Musharakah (joint venture)
Musharakah is a relationship between two parties or more, of whom
contribute capital to a business, and divide the net profit and loss pro
rata. This is often used in investment projects, letters of credit, and
the purchase or real estate or property. In the case of real estate or
property, the bank assess an imputed rent and will share it as agreed in
advance. All providers of capital are entitled to participate in
management, but not necessarily required to do so. The profit is
distributed among the partners in pre-agreed ratios, while the loss is
borne by each partner strictly in proportion to respective capital
contributions. This concept is distinct from fixed-income investing
(i.e. issuance of loans).
Qard hassan/ Qardul hassan (good loan/benevolent loan)
This is a loan extended on a goodwill basis, and the debtor is only
required to repay the amount borrowed. However, the debtor may, at his
or her discretion, pay an extra amount beyond the principal amount of
the loan (without promising it) as a token of appreciation to the
creditor. In the case that the debtor does not pay an extra amount to
the creditor, this transaction is a true interest-free loan. Some
Muslims consider this to be the only type of loan that does not violate
the prohibition on riba, since it is the one type of loan that truly
does not compensate the creditor for the time value of money.
Sukuk (Islamic bonds)
Main article: Sukuk
Sukuk is the Arabic name for a financial certificate but can be seen as
an Islamic equivalent of bond. However, fixed-income, interest-bearing
bonds are not permissible in Islam. Hence, Sukuk are securities that
comply with the Islamic law (Shariah) and its investment principles,
which prohibit the charging or paying of interest. Financial assets that
comply with the Islamic law can be classified in accordance with their
tradability and non-tradability in the secondary markets.

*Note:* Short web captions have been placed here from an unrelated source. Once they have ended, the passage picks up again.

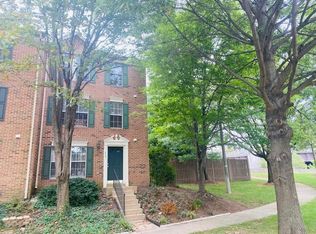1413 Argall Pl, Alexandria, VA 22314
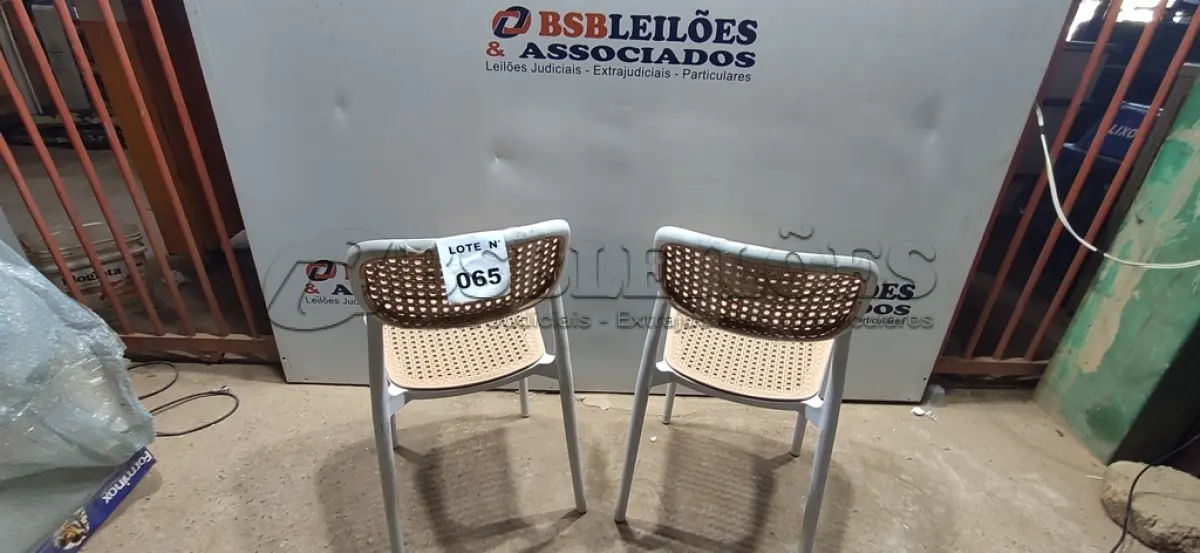 LOTE 065 - 02 CADEIRAS (NO ESTADO, NÃO SABEMOS SE FUNCIONA. LEILÃO NÃO TEM GARANTIA E NEM DEVOLUÇÃO, SUJEITO A POSSÍVEIS AVARIAS VISÍVEIS/OCULTAS E/OU AUSÊNCIA DE COMPONENTES)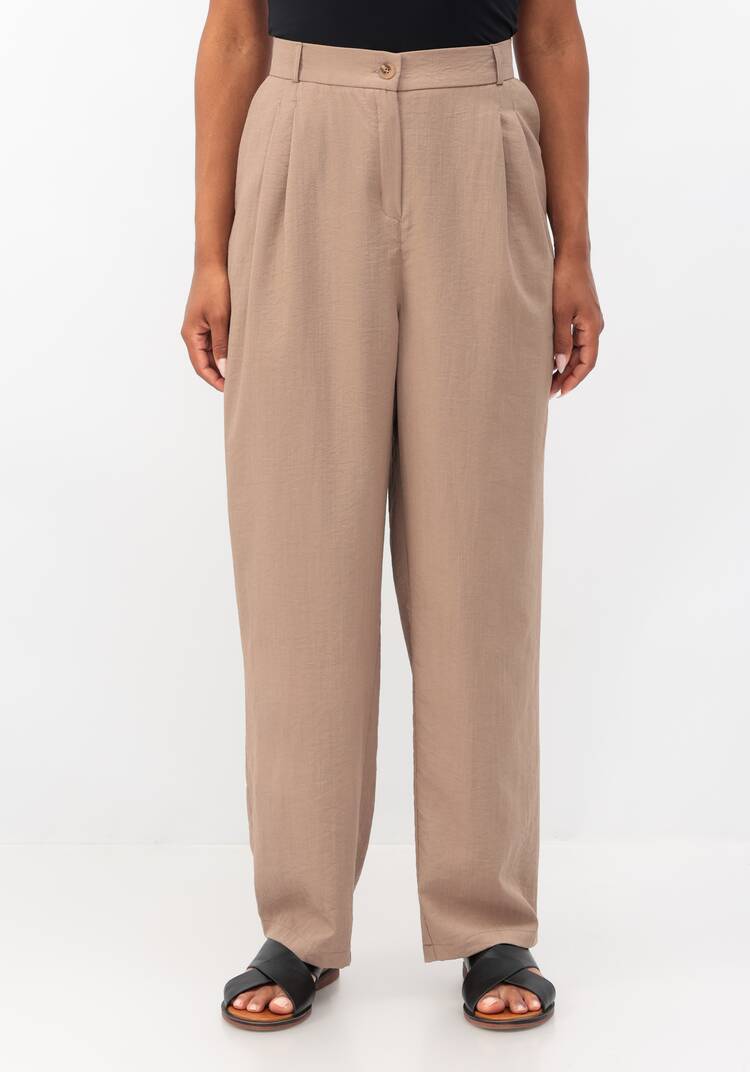 Брюки свободного кроя с защипами на поясе шир.  750, рис. 12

Takaful (Islamic insurance)
Main article: Takaful
Takaful is an alternative form of cover that a Muslim can avail himself
against the risk of loss due to misfortunes. Takaful is based on the
idea that what is uncertain with respect to an individual may cease to
be uncertain with respect to a very large number of similar individuals.
Insurance by combining the risks of many people enables each individual
to enjoy the advantage provided by the law of large numbers. See Takaful
In Wadiah, a bank is deemed as a keeper and trustee of funds. A
person deposits funds in the bank and the bank guarantees refund of the
entire amount of the deposit, or any part of the outstanding amount,
when the depositor demands it. The depositor, at the bank's discretion,
may be rewarded with Hibah (see above) as a form of appreciation for the
use of funds by the bank.
Wakalah (power of attorney)
This occurs when a person appoints a representative to undertake
transactions on his/her behalf, similar to a power of attorney.